### THE PROBLEM
Would you please print exactly the lines that run from the one with "Positive Thoughts Guide" to the last line of the data, both included, without any pictures?

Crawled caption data
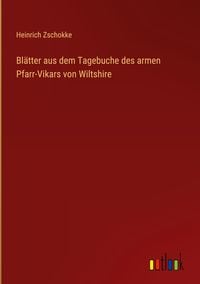 Produktbild: Bl&auml;tter aus dem Tagebuche des armen Pfarr-Vikars von Wiltshire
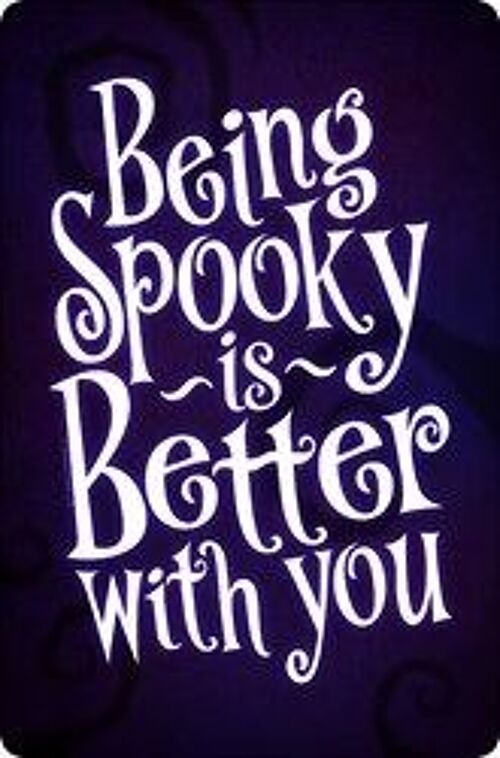 Being Spooky Is Better With You Greet Tin Card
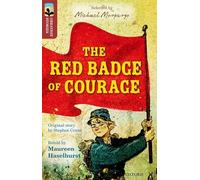 Oxford Reading Tree TreeTops Greatest Stories: Oxford Level 15: The Red Badge of Courage: (Oxford Reading Tree TreeTops Greatest Stories)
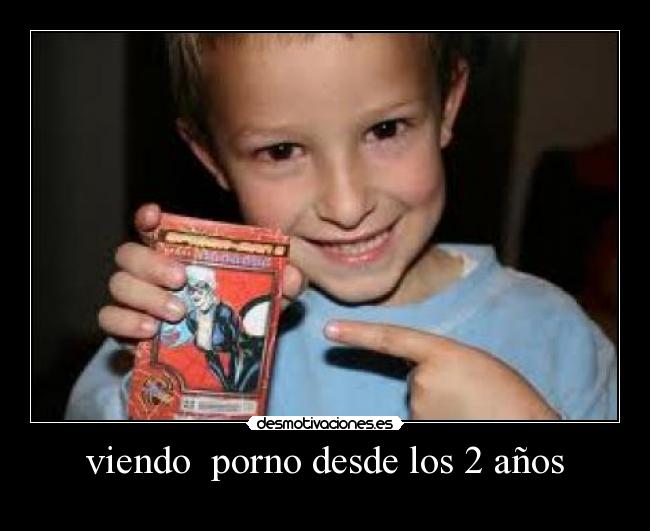 viendo porno desde los 2 años -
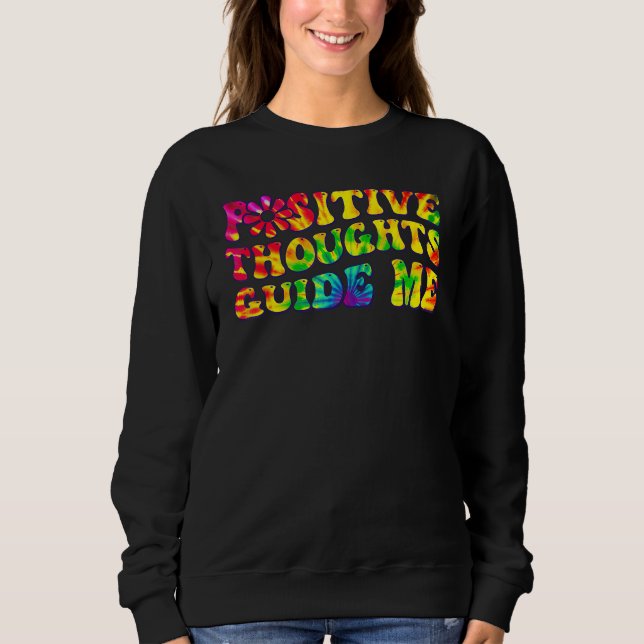 Positive Thoughts Guide Me Rainbow Tie Dye Groovy  T Shirt (Framsida)
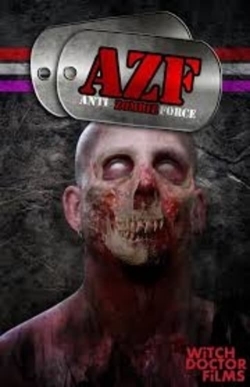 watch free AZF Anti Zombie Force hd online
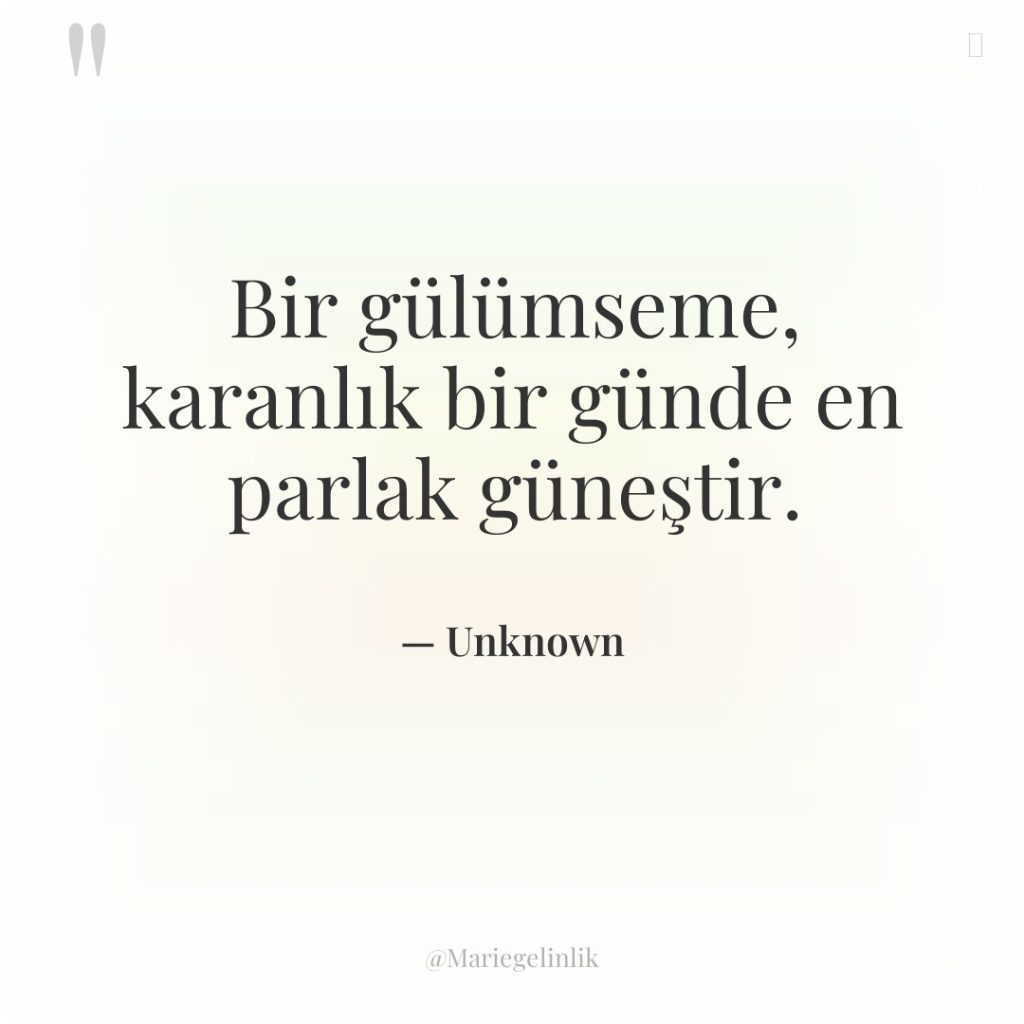 Bir gülümseme, karanlık bir günde en parlak güneştir.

### SOLUTION BELOW
 Positive Thoughts Guide Me Rainbow Tie Dye Groovy  T Shirt (Framsida)
 watch free AZF Anti Zombie Force hd online
 Bir gülümseme, karanlık bir günde en parlak güneştir.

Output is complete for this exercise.